When would one choose to use Rx over TPL or are the 2 frameworks orthogonal?
From what I understand Rx is primarily intended to provide an abstraction over events and allow composition but it also allows for providing an abstraction over async operations.
using the Createxx overloads and the Fromxxx overloads and cancellation via disposing the IDisposable returned.
TPL also provides an abstraction for operations via Task and cancellation abilities.
My dilemma is when to use which and for what scenarios?
The main purpose of Rx is not to provide an abstraction over events. This is just one of its outcomes. Its primary purpose is to provide a composable push model for collections.
The reactive framework (Rx) is based on IObservable<T>
being the mathematical dual of IEnumerable<T>
. So rather than "pull" items from a collection using IEnumerable<T>
we can have objects "pushed" to us via IObservable<T>
.
Of course, when we actually go looking for observable sources things like events & async operations are excellent candidates.
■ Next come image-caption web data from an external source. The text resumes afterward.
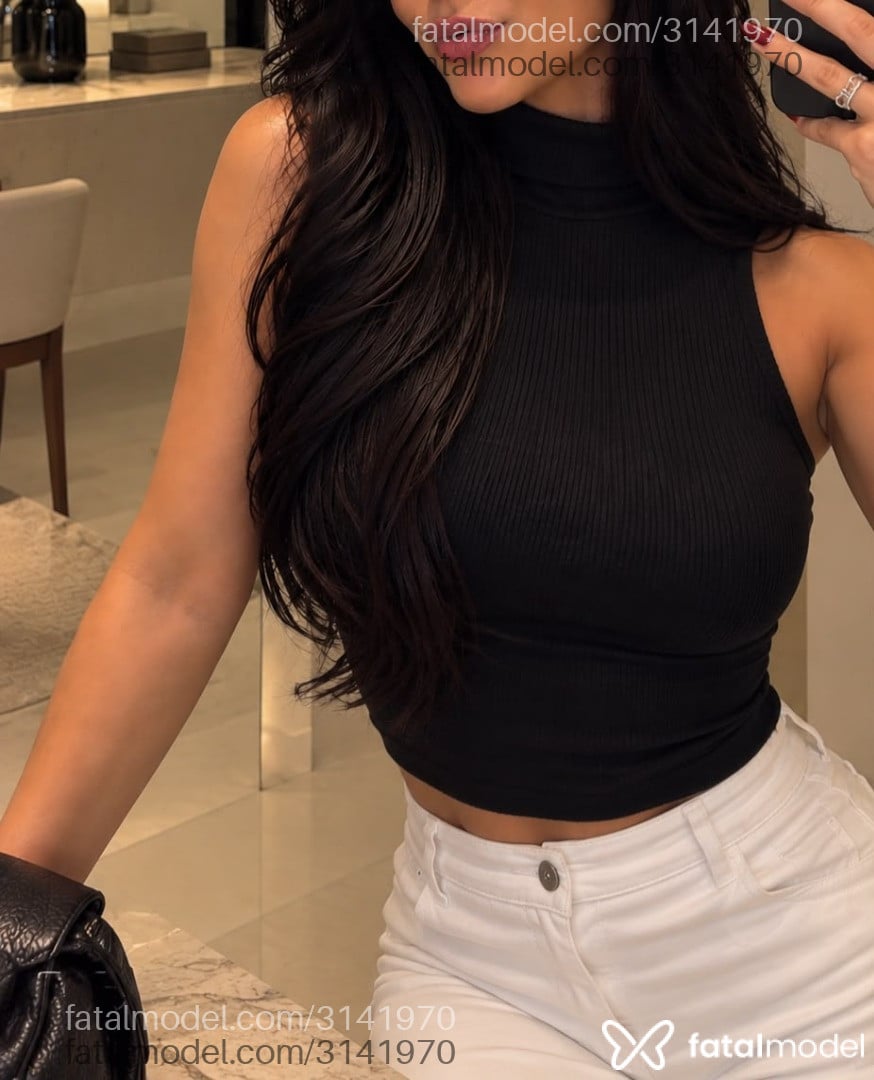 Acompanhante mulher morena (o) de olhos castanhos - Laura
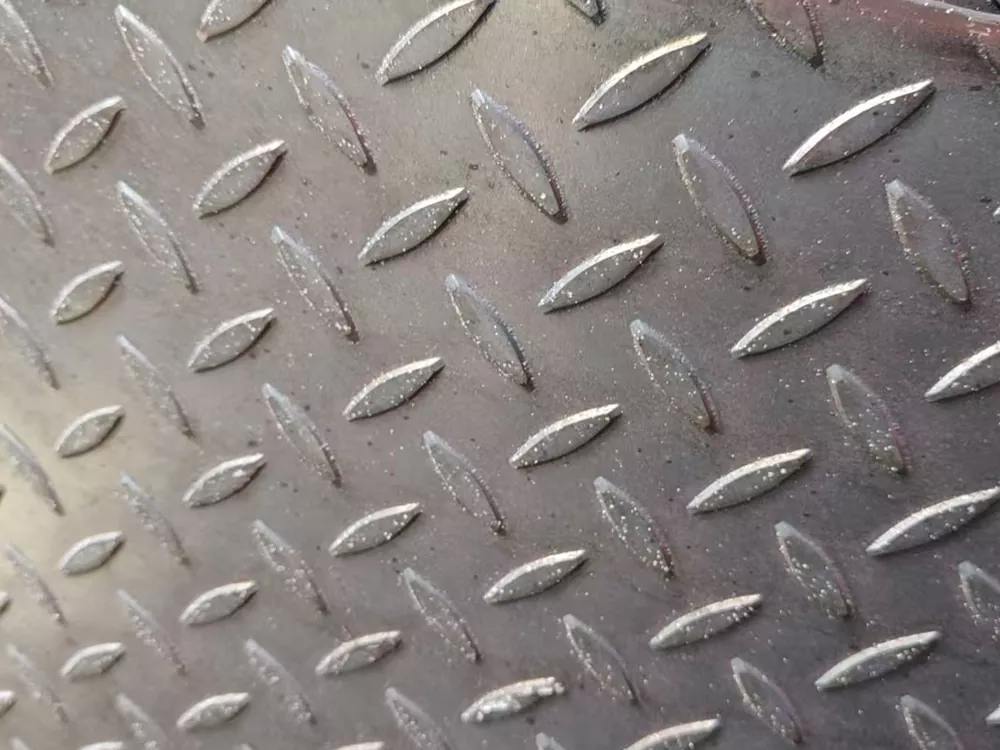 Kostkovaný talíř 3mm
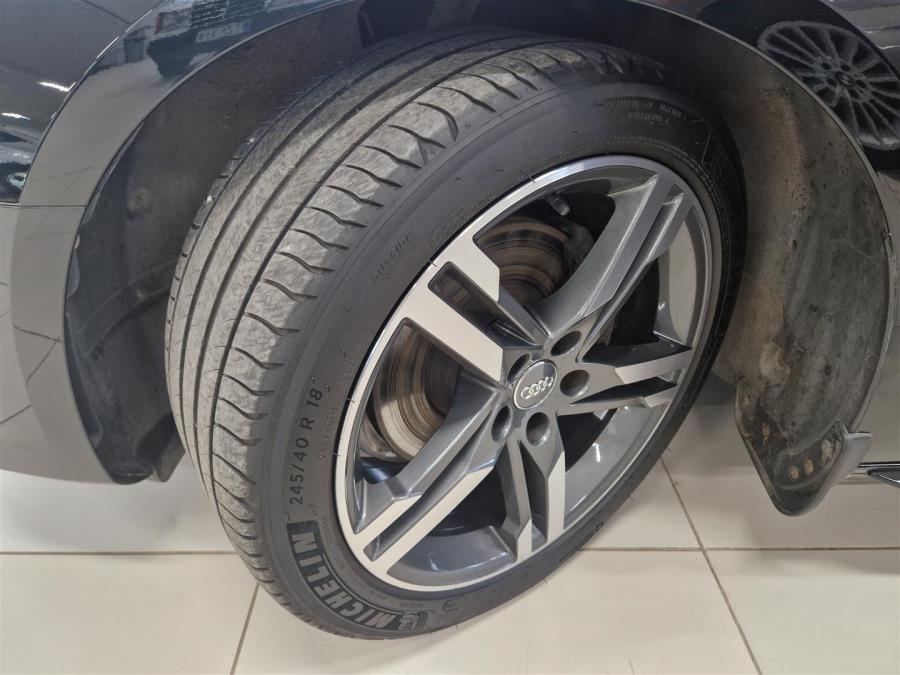 Sedan Business 35 TFSI 110kW MHEV S tronic / Webasto / Led-valot / Automaatti pitkät / Sadetunnistin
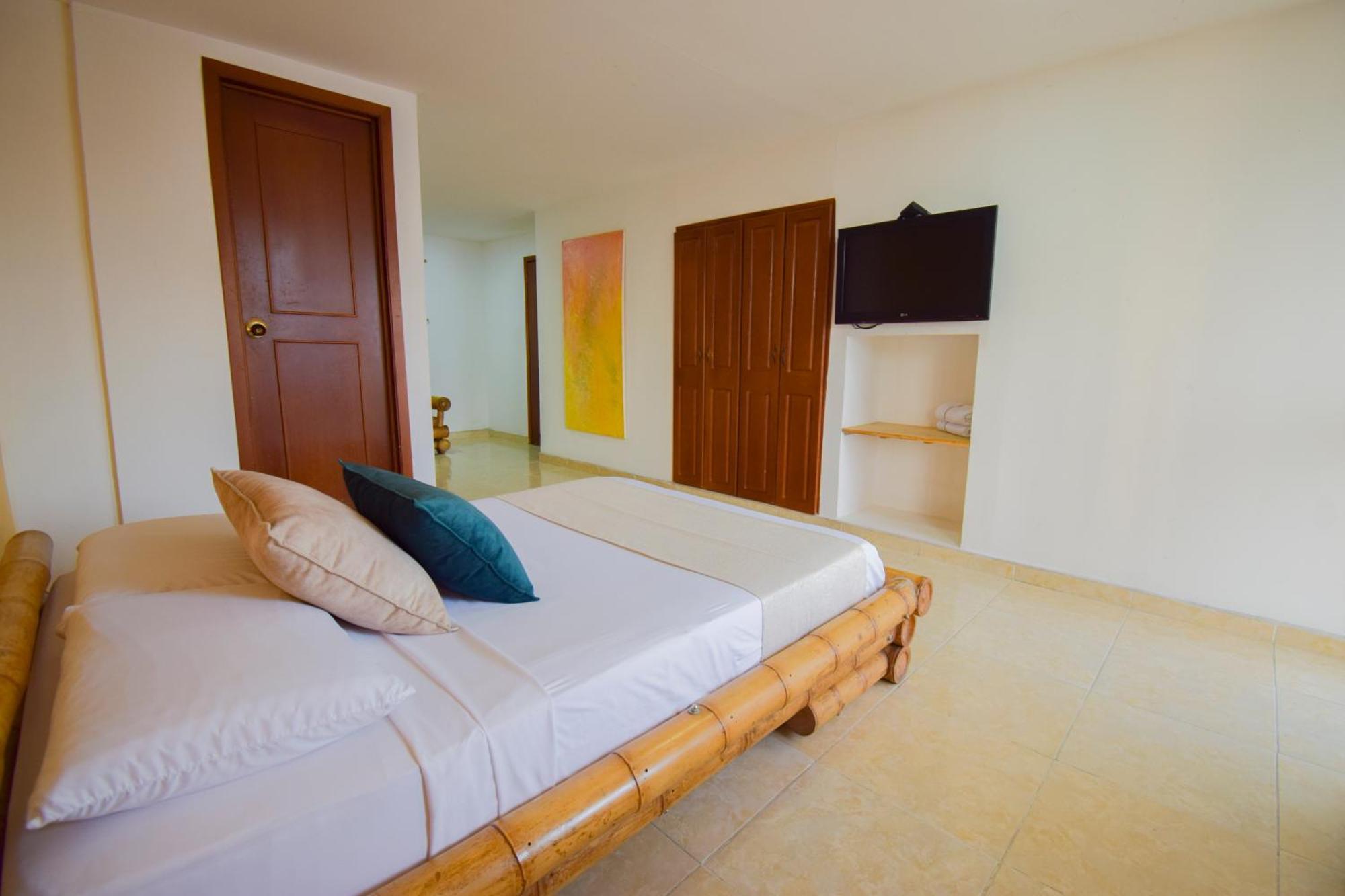 Hotel Toledo Plaza Armenia  Bagian luar foto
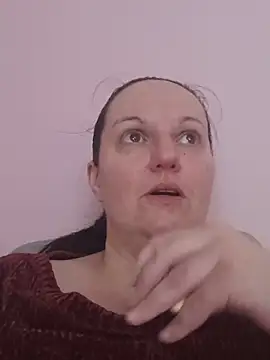 BustyLadyAlma online show from May 31, 2026, 7:03 am
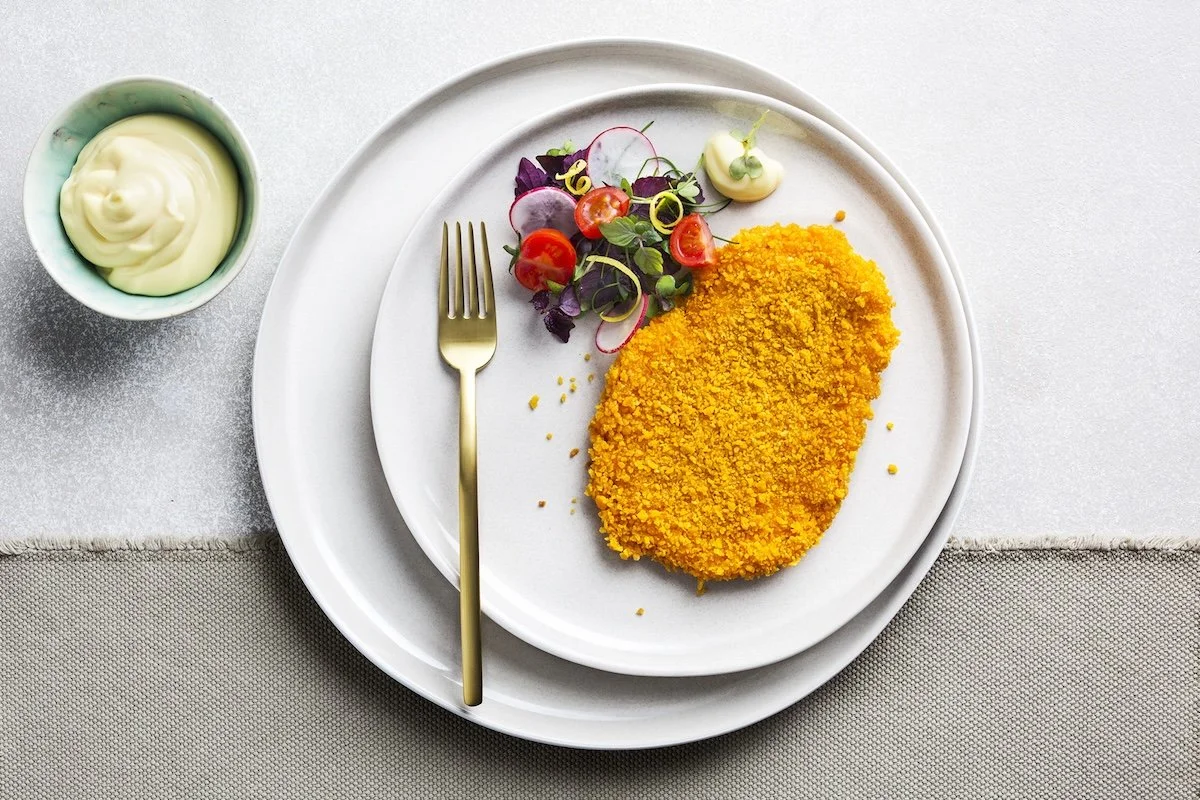 cotoletta con insalatina e maionese.jpg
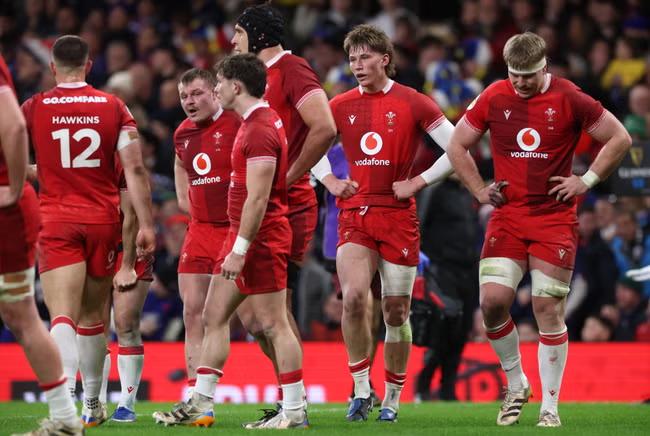 Wales flop as France run riot in front of empty seats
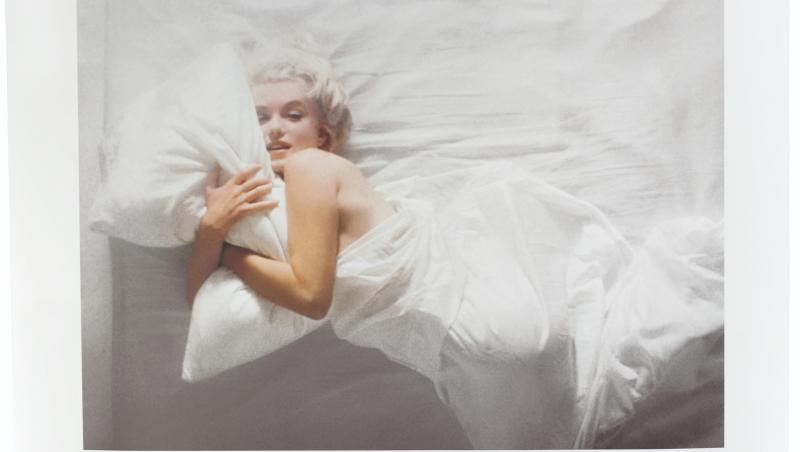 „Pernă îmbrățișată”, 100 x 150 cm, o altă fotografie cu Marilyn Monroe din ședința foto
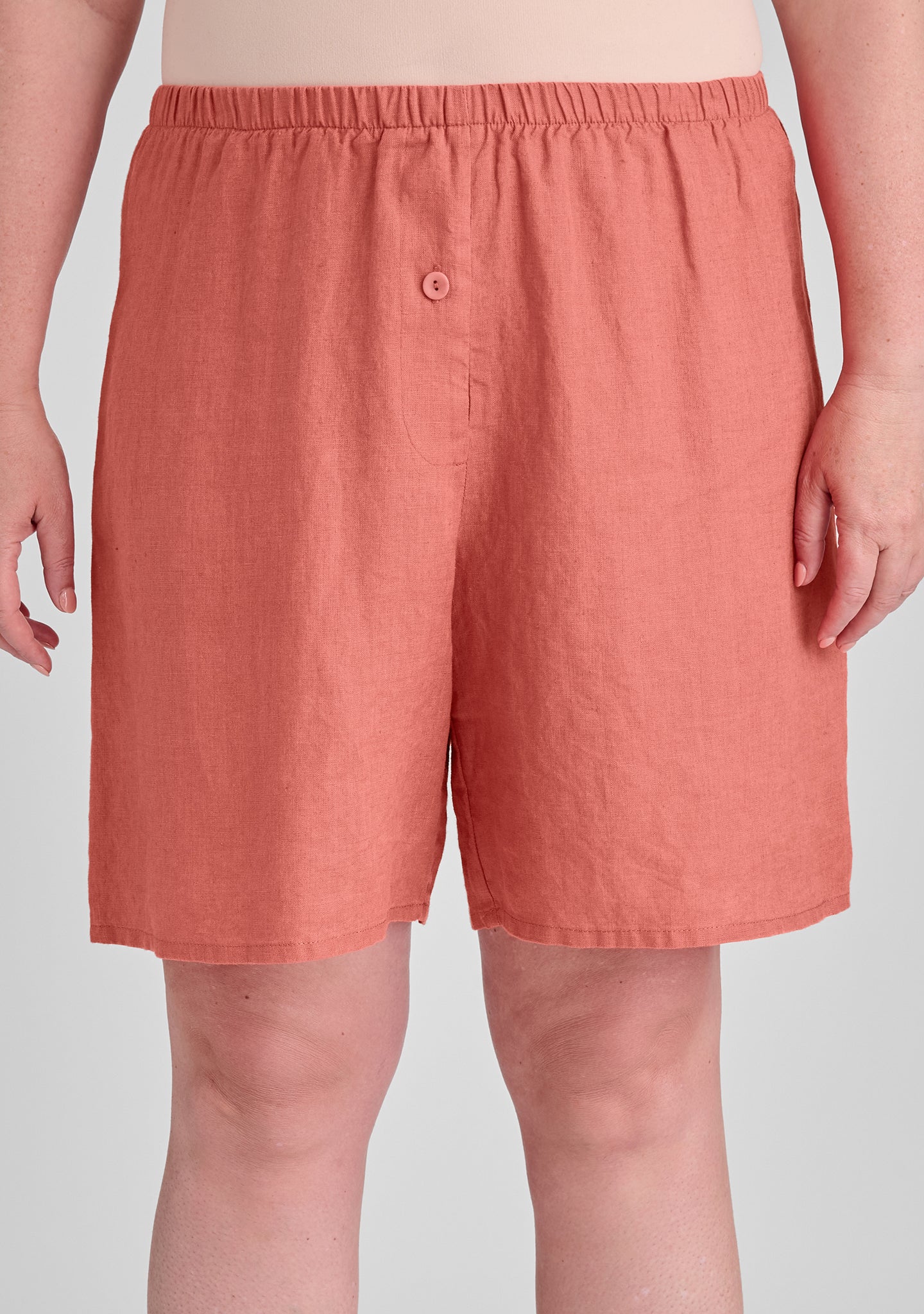 boxd up linen shorts details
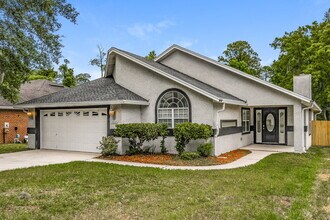 6065 Winding Bridge Dr in Jacksonville, FL - Building Photo - Building Photo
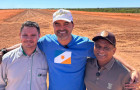 Governador do Tocantins, Wanderlei Barbosa, acompanhado do prefeito de São Félix, Gercimar Xavier,  anunciou a entrega das obras do aeroporto do município, na região do Jalapão 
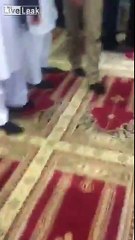 Intervention de policiers dans une Mosquée.. avec leurs chaussures !! Londres 2017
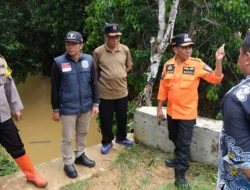 Bupati Mura, Heriyus Respons Cepat Banjir di Jalan Pulao Basan Puruk Cahu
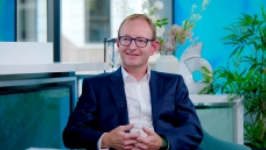 Mark Versey | CEO Aviva Investors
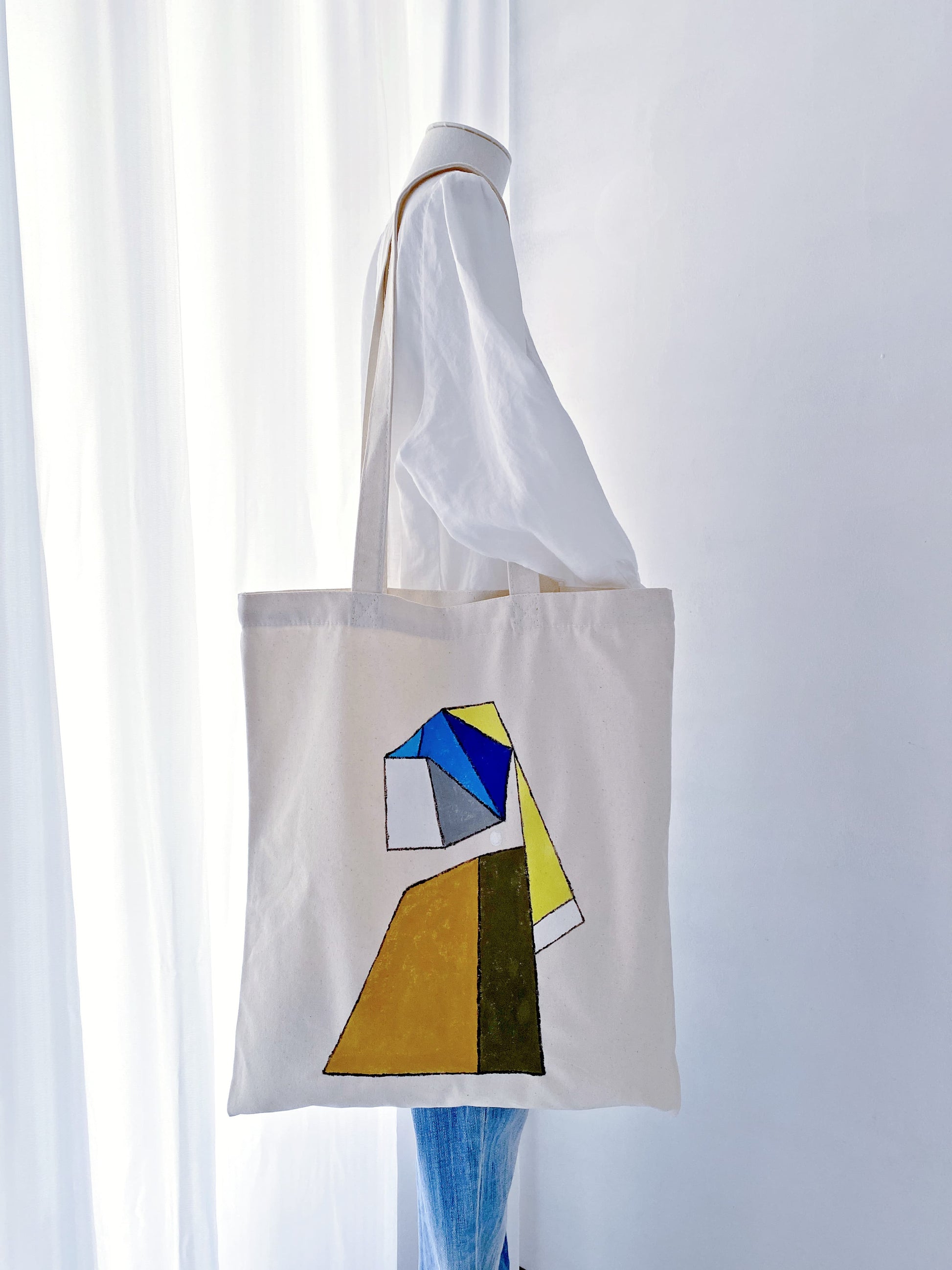 Large capacity eco-friendly shoulder bag that fits a 15-inch laptop and daily essentials.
The reactive framework naturally requires a multi-threaded model to be able to watch the sources of observable data and to manage queries and subscriptions. Rx actually makes heavy use of the TPL to do this.
So if you use Rx you are implicitly using the TPL.
You would use the TPL directly if you wish direct control over your tasks.
But if you have sources of data that you wish to observe and perform queries against then I thoroughly recommend the reactive framework.
Some guidelines I like to follow:
- Am I dealing with data that I don't originate. Data which arrives when it pleases? Then RX.
- Am I originating computations and need to manage concurrency? Then TPL.
- Am I managing multiple results, and need to choose from them based on time? Then RX.
I like Scott W's bullet points. To put some more concrete examples in
Rx maps really nicely to
- consuming streams
- performing non-blocking async work like web requests.
- streaming events (either .net events like mouse movement OR Service Bus message type events)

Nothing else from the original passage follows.